Here it's a simple unnamed function. Though of course a reference to a named function can be used instead, and the same function may be reused for multiple labels. Whenever the label gets a row operation to process, its function gets called with the reference to the label object, the row operation object, and whatever extra arguments were specified at the label creation (none in this example). The example just prints a message combined from the data in the row.

Note that a label doesn't just get a row. It gets a row operation ("rowop" as it's called throughout the code). It's an important distinction. A row just stores some data. As the row gets passed around, it gets referenced and unreferenced, but it just stays the same until the last reference to it disappears, and then it gets destroyed. It doesn't know what happens with the data, it just stores them. A row may be shared between multiple threads. On the other hand, a row operation says "take these data and do a such and such thing with them".  A row operation is a combination of a row of data, an operation code, and a label that is to execute the operation. It is confined to a single thread. Inside this thread a reference to a row operation may be kept and reused again and again, since the row operation object is also immutable.

Triceps has the explicit operation codes, very much like Aleri (only Aleri doesn't differentiate between a row and row operation, every row there has an opcode in it, and the Sybase CEP R5 does the same). It might be just my background, but let me tell you: the CEP systems without the explicit opcodes are a pain. The visible opcodes make life a lot easier. However unlike Aleri, there is no UPDATE opcode. The available opcodes are INSERT, DELETE and NOP (no-operation). If you want to update something, you send two operations: first DELETE for the old value, then INSERT for the new value. There will be a section later with more details and comparisons, but for now that's enough information.

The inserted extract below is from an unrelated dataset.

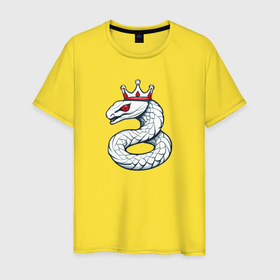 Мужская футболка хлопок с принтом Геральдическая змея в Петрозаводске, 100% хлопок | прямой крой, круглый вырез горловины, длина до линии бедер, слегка спущенное плечо. |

For this simple example, the opcode doesn't really matter, so the label function quietly ignores it. It gets the row from the row operation and extracts the data from it into the Perl format, then prints them. There are two Perl formats supported: an array and a hash. In the array format, the array contains the values of the fields in the order they are defined in the row type. The hash format consists of name-value pairs, which may be stored either in an actual hash or in an array. The conversion from row to a hash actually returns an array of values which becomes a hash if it gets stored into a hash variable.

As a side note, this also suggests, how the systems without explicit opcodes came to be: they've been initially built on the  simple stateless examples. And when the more complex examples have turned up, they've been aready stuck on this path, and could not afford too deep a retrofit.

The final part of the example is the creation of a row operation for our label, with an INSERT opcode and a row created from hash-formatted Perl data, and calling it through the execution unit. The row type provides a method to construct the rows, and the label provides a method to construct the row operations for it. The call() method of the execution unit does exactly what its name implies: it evaluates the label function right now, and returns after all its processing its done.